◆ **WORK TO BE COMPLETED**
Return, from the data below, each line that contains the word "Metal".

Brief descriptive captions
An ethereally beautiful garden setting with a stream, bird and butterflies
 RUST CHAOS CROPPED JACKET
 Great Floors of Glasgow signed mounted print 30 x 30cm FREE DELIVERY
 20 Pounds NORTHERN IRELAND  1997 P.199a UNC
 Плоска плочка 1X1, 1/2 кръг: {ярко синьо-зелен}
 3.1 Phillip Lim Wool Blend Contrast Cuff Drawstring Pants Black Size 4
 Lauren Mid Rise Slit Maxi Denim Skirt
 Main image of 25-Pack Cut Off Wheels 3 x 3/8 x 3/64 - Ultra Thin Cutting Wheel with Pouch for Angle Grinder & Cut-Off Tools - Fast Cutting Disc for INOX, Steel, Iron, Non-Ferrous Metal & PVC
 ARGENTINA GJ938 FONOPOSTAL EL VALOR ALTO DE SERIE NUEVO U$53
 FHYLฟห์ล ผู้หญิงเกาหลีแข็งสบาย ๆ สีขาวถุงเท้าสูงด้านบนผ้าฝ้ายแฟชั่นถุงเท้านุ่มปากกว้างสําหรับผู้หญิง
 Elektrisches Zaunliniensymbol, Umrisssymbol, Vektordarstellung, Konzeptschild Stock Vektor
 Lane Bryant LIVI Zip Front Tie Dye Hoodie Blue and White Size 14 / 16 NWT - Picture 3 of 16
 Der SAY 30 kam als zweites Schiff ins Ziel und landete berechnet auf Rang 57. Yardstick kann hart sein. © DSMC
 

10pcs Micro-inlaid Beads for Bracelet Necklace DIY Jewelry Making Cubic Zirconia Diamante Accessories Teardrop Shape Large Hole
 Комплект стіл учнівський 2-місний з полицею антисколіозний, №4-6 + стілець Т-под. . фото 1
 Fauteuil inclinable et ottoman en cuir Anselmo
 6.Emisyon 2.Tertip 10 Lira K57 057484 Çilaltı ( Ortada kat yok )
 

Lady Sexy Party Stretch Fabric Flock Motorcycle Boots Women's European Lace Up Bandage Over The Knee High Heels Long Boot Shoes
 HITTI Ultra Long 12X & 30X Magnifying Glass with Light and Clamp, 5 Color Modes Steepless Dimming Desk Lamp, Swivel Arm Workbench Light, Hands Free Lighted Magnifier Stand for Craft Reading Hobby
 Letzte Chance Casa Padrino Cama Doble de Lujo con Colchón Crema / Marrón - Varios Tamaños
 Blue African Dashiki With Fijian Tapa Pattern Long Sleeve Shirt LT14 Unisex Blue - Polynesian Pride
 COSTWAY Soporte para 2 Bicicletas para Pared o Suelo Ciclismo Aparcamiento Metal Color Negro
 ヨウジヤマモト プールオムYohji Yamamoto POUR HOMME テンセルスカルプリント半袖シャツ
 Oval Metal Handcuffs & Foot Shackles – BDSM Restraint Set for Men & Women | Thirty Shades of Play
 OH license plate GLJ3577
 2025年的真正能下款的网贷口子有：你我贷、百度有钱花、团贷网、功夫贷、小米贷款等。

◆ **RESULT FOR THIS TASK**
 Main image of 25-Pack Cut Off Wheels 3 x 3/8 x 3/64 - Ultra Thin Cutting Wheel with Pouch for Angle Grinder & Cut-Off Tools - Fast Cutting Disc for INOX, Steel, Iron, Non-Ferrous Metal & PVC
 COSTWAY Soporte para 2 Bicicletas para Pared o Suelo Ciclismo Aparcamiento Metal Color Negro
 Oval Metal Handcuffs & Foot Shackles – BDSM Restraint Set for Men & Women | Thirty Shades of Play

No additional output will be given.